Al lettore arriva con forza tutta la potenza visionaria e simbolica del testo, dove la ripresa di certi tòpoi della letteratura occidentale non scade mai nel cliché narrativo, ma offre invece una riflessione originale sulle cause del fenomeno mafioso, reinventata nel segno di un ardito transfer immaginifico in una Sicilia fantastica ed epifanica.
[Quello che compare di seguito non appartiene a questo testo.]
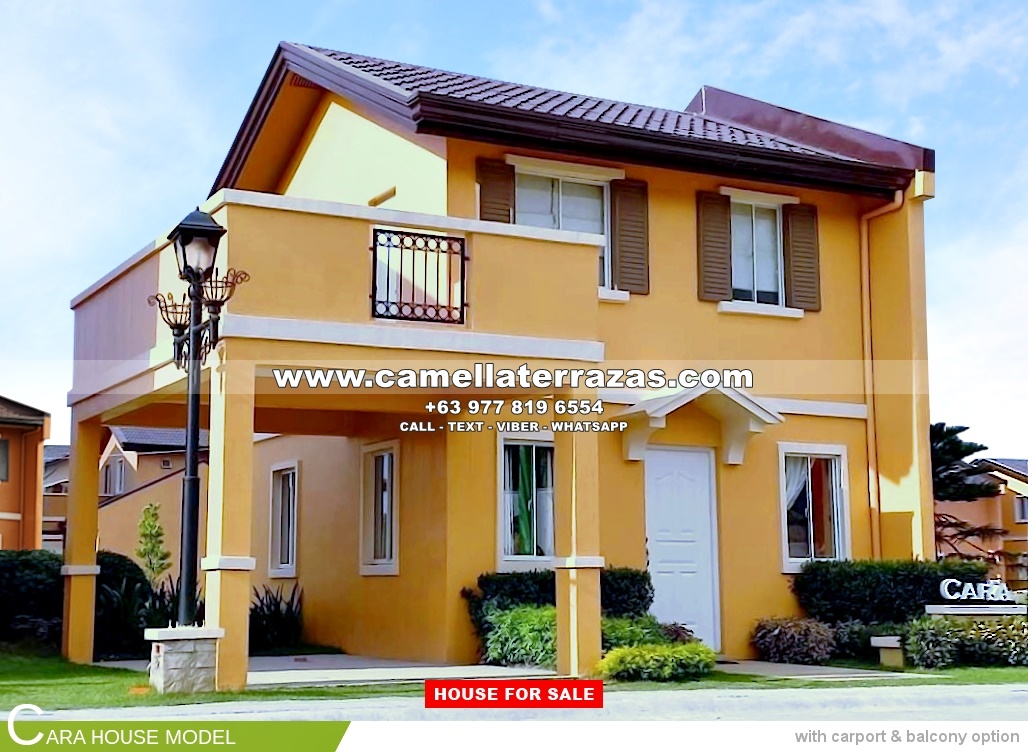 Cara - Affordable House in Silang, Cavite (Near Tagaytay)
Pirrotta torna a interrogarsi e interrogarci sull’origine dei mali della propria terra, e lo fa in una veste nuova, non da uomo di teatro ma da scrittore, seppur le tracce della sua esperienza scenica affiorino copiose tanto nell’uso reiterato di forme dialettali in rima, quanto nei molti riferimenti all’arte dei cuntisti e dei pupari, e alla «filantropa meraviglia» (p. 107) delle antiche rappresentazioni nei teatri di pietra.

Gli stessi personaggi incontrati dal carrettiere altro non sono che dramatis personae dalla forte texture drammaturgica, e l’intero impianto narrativo dell’opera potenzialmente si presta a un ‘trasloco’ sulle assi del palcoscenico.
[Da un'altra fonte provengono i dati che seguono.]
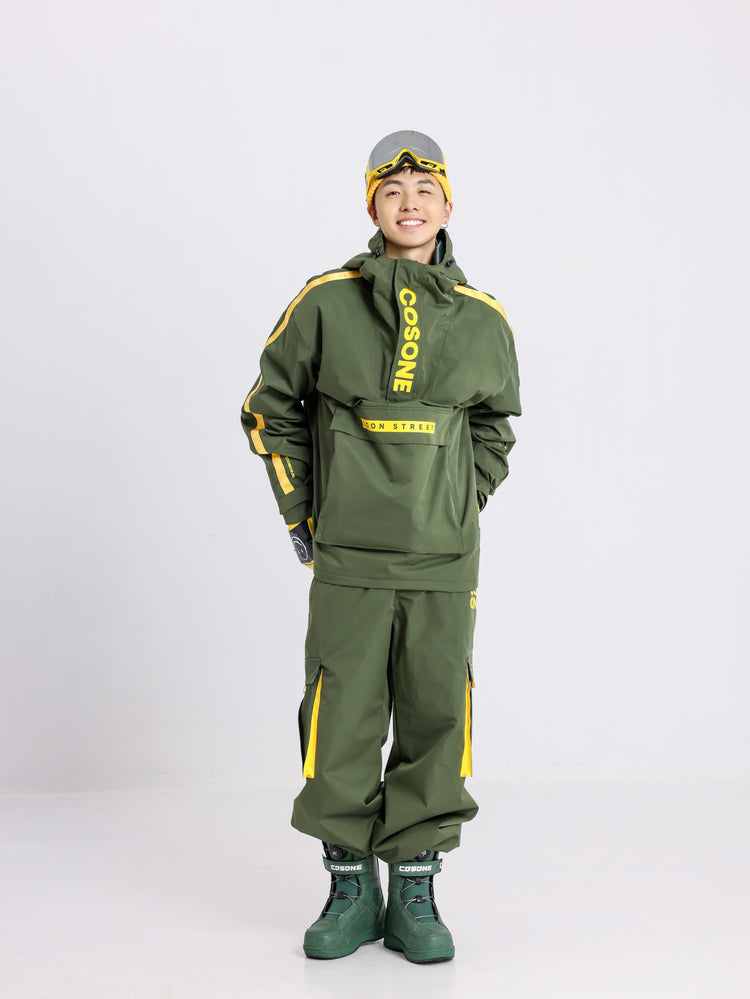 Cosone Westland Insulated Snow Suit - Unisex - Snowears- Suits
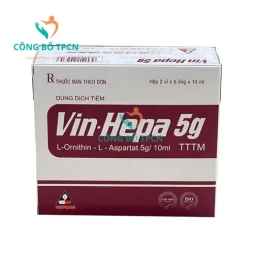 Vin-Hepa 5g/10ml Vinphaco - Thuốc điều trị các bệnh về gan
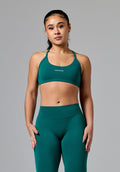 RecStretch™ Limitless Crossback Sports Bra Evergreen Sports Bras Paragon Fitwear 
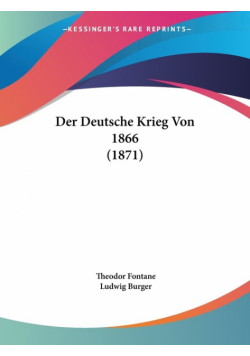 Der Deutsche Krieg Von 1866 (1871)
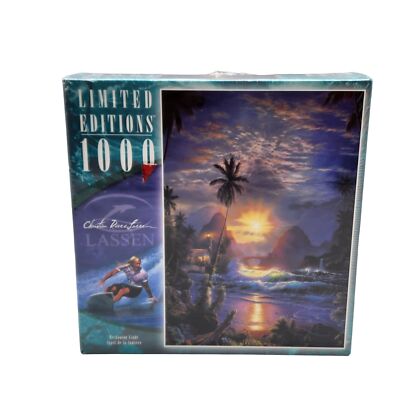 Rose Art Jigsaw Puzzle Beckoning Light 1000 Pc Limited Edition Sealed NEW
Sulla scia di queste suggestioni, si può individuare un nesso concreto che collega Guasta semenza a molte delle produzioni artistiche pirrottiane, stringendosi attorno al battito civile dei temi affrontati e quindi all’esplicita condanna del potere mafioso.

In tal senso, vengono in mente spettacoli quali Malaluna, La ballata delle balate o Quei ragazzi di Regalpetra, nei quali la ‘messa in figura’ della violenza mafiosa è permeata della stessa tensione etica che attraversa le stringhe testuali del romanzo.

In particolare la pièce Malaluna, autentico inno teatrale alla città di Palermo, è quella che più ci sembra vicina alle ‘visioni di parola’ di Guasta semenza, confermando il modus sentiendi pirrottiano, volto a stabilire un rapporto viscerale con la propria terra, soprattutto con quell’isola a tinte arcaiche e popolari in cui l’attore proietta il cono di ombre e di luci da cui emerge la sua, tanto amata quanto sofferta, sicilitudine.

Sia in Malaluna sia in Guasta semenza, nella grana sottile delle parole di Pirrotta non si avverte soltanto l’urlo della denuncia alla mafia, ma anche il canto d’amore, la melopea dolce e appassionata con cui si celebrano la bellezza e l’inesausta volontà di riscatto della terra siciliana.

In definitiva, il debutto narrativo di Pirrotta può intendersi come un tentativo, certamente riuscito, di fissare i termini del proprio orizzonte drammaturgico, e offre altresì, grazie al ricco sistema di descrizioni sinestetiche dei colori della campagna o degli «effluvi carichi d’eternità» (p. 101) del mare, un prezioso lascito di memoria poetica.